TASK DETAILS: Starting at the line below holding "Scène 1 : Gâteau d’anniversaire" and stopping at the line holding "Максим Галкин - Алла", print every line exactly, both ends included, and leave the rest out.
/---
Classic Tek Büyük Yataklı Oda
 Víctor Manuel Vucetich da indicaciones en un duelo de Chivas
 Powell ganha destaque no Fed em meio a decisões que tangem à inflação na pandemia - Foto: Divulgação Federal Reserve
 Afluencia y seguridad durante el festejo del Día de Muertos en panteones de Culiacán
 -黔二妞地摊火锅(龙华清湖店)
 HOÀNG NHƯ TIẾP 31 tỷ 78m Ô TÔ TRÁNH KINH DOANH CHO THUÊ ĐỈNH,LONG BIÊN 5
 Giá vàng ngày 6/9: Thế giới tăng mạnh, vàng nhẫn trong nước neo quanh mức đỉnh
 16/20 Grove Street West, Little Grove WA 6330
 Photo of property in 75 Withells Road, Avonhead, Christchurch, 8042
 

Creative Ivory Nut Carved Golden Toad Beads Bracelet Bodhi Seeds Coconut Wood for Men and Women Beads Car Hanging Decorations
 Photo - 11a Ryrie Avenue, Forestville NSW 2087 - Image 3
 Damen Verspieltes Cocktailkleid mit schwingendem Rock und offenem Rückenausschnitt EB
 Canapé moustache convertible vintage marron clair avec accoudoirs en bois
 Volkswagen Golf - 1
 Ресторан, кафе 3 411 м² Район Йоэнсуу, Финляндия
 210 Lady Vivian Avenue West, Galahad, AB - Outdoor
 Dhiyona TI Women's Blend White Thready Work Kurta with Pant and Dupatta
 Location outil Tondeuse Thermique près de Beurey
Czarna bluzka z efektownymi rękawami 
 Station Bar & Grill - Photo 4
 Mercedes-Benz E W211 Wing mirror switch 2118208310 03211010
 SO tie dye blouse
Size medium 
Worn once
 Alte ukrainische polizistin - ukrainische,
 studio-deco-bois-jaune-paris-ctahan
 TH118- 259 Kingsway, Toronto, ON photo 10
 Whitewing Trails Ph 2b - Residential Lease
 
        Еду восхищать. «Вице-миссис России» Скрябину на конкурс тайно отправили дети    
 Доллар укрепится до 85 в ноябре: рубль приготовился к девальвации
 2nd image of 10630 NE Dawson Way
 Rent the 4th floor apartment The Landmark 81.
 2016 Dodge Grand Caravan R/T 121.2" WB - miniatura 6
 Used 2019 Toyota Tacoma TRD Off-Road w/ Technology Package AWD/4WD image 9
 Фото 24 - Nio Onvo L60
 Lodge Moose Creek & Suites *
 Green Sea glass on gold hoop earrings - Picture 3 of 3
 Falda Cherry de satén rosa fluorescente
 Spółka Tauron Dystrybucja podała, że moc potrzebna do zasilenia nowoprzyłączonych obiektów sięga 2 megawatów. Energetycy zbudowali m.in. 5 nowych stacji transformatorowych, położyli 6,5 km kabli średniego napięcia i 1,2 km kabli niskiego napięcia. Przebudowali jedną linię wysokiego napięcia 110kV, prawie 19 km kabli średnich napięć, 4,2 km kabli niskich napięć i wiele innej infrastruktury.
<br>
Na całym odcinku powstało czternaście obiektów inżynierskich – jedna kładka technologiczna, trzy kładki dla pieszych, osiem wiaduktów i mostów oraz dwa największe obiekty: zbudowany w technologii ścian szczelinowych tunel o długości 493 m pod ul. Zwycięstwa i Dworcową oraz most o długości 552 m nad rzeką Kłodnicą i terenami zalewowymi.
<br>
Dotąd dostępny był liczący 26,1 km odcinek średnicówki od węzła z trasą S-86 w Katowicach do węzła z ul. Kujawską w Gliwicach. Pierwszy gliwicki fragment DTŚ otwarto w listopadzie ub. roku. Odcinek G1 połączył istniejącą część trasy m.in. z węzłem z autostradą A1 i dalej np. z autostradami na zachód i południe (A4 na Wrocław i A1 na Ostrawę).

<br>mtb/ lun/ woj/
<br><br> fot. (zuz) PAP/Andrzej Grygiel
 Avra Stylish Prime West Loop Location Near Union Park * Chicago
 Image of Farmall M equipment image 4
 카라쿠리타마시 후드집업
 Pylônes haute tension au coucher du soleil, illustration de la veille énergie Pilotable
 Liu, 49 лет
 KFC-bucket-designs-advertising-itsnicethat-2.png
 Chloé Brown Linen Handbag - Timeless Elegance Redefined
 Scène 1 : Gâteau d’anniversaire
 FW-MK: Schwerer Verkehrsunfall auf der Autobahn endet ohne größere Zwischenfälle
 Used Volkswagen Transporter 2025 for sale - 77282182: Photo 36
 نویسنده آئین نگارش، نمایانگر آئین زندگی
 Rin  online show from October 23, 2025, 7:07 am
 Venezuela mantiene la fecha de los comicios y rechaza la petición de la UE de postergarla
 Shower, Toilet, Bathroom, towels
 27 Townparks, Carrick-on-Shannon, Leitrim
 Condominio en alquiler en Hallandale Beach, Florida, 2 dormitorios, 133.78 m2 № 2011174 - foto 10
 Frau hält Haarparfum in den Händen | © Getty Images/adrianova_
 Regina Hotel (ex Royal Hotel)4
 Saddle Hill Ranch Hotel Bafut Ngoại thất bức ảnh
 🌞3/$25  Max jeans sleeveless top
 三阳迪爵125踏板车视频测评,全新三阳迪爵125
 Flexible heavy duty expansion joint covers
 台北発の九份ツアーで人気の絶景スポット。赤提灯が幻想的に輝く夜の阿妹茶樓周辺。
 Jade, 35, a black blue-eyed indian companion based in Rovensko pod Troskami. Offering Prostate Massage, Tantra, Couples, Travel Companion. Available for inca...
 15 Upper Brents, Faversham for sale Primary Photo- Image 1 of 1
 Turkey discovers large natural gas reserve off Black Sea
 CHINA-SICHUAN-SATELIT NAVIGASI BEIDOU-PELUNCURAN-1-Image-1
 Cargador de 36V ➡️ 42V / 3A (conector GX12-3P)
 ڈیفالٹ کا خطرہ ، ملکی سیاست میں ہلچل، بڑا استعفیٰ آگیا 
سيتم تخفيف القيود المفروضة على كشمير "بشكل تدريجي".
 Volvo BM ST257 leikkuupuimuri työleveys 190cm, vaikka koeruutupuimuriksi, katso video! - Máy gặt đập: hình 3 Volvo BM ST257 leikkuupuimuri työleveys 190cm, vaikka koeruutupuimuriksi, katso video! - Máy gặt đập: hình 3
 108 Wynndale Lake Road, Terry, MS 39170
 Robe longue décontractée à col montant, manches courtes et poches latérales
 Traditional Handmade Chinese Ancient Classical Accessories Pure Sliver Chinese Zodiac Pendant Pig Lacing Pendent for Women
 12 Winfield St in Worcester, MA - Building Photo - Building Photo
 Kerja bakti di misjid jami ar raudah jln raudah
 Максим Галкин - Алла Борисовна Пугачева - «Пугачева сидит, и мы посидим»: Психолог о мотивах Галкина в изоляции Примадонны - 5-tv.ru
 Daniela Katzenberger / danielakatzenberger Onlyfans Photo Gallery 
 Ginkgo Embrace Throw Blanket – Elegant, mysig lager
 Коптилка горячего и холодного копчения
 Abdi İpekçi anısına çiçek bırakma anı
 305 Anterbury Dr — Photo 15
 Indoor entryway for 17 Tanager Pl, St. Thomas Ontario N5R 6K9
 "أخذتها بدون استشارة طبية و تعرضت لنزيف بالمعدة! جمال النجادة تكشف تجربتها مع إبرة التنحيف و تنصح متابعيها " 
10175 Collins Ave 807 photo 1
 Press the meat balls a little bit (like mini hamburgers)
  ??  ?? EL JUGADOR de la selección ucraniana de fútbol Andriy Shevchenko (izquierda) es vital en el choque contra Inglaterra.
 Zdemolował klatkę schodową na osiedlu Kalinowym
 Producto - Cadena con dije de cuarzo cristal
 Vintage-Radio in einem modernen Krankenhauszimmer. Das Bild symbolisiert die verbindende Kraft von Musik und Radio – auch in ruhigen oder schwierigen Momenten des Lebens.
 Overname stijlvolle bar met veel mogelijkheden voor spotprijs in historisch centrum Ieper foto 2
\---
RESULT OF THIS EXERCISE:
 Scène 1 : Gâteau d’anniversaire
 FW-MK: Schwerer Verkehrsunfall auf der Autobahn endet ohne größere Zwischenfälle
 Used Volkswagen Transporter 2025 for sale - 77282182: Photo 36
 نویسنده آئین نگارش، نمایانگر آئین زندگی
 Rin  online show from October 23, 2025, 7:07 am
 Venezuela mantiene la fecha de los comicios y rechaza la petición de la UE de postergarla
 Shower, Toilet, Bathroom, towels
 27 Townparks, Carrick-on-Shannon, Leitrim
 Condominio en alquiler en Hallandale Beach, Florida, 2 dormitorios, 133.78 m2 № 2011174 - foto 10
 Frau hält Haarparfum in den Händen | © Getty Images/adrianova_
 Regina Hotel (ex Royal Hotel)4
 Saddle Hill Ranch Hotel Bafut Ngoại thất bức ảnh
 🌞3/$25  Max jeans sleeveless top
 三阳迪爵125踏板车视频测评,全新三阳迪爵125
 Flexible heavy duty expansion joint covers
 台北発の九份ツアーで人気の絶景スポット。赤提灯が幻想的に輝く夜の阿妹茶樓周辺。
 Jade, 35, a black blue-eyed indian companion based in Rovensko pod Troskami. Offering Prostate Massage, Tantra, Couples, Travel Companion. Available for inca...
 15 Upper Brents, Faversham for sale Primary Photo- Image 1 of 1
 Turkey discovers large natural gas reserve off Black Sea
 CHINA-SICHUAN-SATELIT NAVIGASI BEIDOU-PELUNCURAN-1-Image-1
 Cargador de 36V ➡️ 42V / 3A (conector GX12-3P)
 ڈیفالٹ کا خطرہ ، ملکی سیاست میں ہلچل، بڑا استعفیٰ آگیا 
سيتم تخفيف القيود المفروضة على كشمير "بشكل تدريجي".
 Volvo BM ST257 leikkuupuimuri työleveys 190cm, vaikka koeruutupuimuriksi, katso video! - Máy gặt đập: hình 3 Volvo BM ST257 leikkuupuimuri työleveys 190cm, vaikka koeruutupuimuriksi, katso video! - Máy gặt đập: hình 3
 108 Wynndale Lake Road, Terry, MS 39170
 Robe longue décontractée à col montant, manches courtes et poches latérales
 Traditional Handmade Chinese Ancient Classical Accessories Pure Sliver Chinese Zodiac Pendant Pig Lacing Pendent for Women
 12 Winfield St in Worcester, MA - Building Photo - Building Photo
 Kerja bakti di misjid jami ar raudah jln raudah
 Максим Галкин - Алла Борисовна Пугачева - «Пугачева сидит, и мы посидим»: Психолог о мотивах Галкина в изоляции Примадонны - 5-tv.ru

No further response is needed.